● **What you will do**:
From the entries below, copy exactly the lines from the one that contains "Карандаш для губ" through the one that contains "Used 2019 BMW", both included, and only those.

┌─ Material shown

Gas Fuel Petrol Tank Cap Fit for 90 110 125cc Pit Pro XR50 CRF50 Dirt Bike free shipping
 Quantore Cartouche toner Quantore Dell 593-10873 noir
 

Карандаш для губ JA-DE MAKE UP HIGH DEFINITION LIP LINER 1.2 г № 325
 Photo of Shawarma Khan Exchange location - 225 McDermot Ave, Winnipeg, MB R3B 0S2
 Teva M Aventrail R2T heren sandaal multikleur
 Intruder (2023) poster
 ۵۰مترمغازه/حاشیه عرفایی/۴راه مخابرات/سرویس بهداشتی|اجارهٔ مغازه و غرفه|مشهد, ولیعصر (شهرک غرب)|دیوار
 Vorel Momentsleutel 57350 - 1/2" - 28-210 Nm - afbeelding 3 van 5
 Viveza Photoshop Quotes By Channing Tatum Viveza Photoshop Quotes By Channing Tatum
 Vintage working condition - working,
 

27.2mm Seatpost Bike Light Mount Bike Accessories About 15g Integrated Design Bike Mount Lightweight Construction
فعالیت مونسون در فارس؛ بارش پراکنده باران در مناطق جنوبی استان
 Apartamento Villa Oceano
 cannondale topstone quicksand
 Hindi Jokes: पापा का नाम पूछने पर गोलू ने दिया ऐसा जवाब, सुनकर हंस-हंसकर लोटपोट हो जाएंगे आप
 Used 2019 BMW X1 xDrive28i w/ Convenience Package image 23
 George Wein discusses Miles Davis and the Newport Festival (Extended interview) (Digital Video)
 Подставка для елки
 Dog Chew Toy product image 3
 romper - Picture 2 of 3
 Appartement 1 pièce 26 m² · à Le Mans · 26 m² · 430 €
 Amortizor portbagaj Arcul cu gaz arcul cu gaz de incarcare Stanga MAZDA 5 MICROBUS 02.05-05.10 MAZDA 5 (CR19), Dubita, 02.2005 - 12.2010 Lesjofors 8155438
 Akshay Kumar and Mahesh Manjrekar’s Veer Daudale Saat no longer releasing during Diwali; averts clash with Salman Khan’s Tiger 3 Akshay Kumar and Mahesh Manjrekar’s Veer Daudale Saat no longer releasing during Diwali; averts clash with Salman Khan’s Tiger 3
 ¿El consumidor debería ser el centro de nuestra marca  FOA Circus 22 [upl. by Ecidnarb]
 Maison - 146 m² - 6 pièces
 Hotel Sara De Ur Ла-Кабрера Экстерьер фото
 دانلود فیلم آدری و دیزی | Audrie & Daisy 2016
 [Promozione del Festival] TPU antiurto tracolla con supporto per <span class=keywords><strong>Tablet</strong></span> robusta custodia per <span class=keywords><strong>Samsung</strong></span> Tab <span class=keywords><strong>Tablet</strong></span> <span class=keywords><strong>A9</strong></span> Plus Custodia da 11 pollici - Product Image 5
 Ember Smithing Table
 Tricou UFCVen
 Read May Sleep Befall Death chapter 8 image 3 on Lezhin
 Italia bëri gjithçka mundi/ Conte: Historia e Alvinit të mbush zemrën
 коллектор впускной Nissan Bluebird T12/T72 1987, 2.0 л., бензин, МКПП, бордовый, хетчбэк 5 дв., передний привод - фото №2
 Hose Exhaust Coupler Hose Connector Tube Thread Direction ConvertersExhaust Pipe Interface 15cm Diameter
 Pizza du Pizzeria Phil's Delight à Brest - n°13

└─

● **Response to the exercise**:
Карандаш для губ JA-DE MAKE UP HIGH DEFINITION LIP LINER 1.2 г № 325
 Photo of Shawarma Khan Exchange location - 225 McDermot Ave, Winnipeg, MB R3B 0S2
 Teva M Aventrail R2T heren sandaal multikleur
 Intruder (2023) poster
 ۵۰مترمغازه/حاشیه عرفایی/۴راه مخابرات/سرویس بهداشتی|اجارهٔ مغازه و غرفه|مشهد, ولیعصر (شهرک غرب)|دیوار
 Vorel Momentsleutel 57350 - 1/2" - 28-210 Nm - afbeelding 3 van 5
 Viveza Photoshop Quotes By Channing Tatum Viveza Photoshop Quotes By Channing Tatum
 Vintage working condition - working,
 

27.2mm Seatpost Bike Light Mount Bike Accessories About 15g Integrated Design Bike Mount Lightweight Construction
فعالیت مونسون در فارس؛ بارش پراکنده باران در مناطق جنوبی استان
 Apartamento Villa Oceano
 cannondale topstone quicksand
 Hindi Jokes: पापा का नाम पूछने पर गोलू ने दिया ऐसा जवाब, सुनकर हंस-हंसकर लोटपोट हो जाएंगे आप
 Used 2019 BMW X1 xDrive28i w/ Convenience Package image 23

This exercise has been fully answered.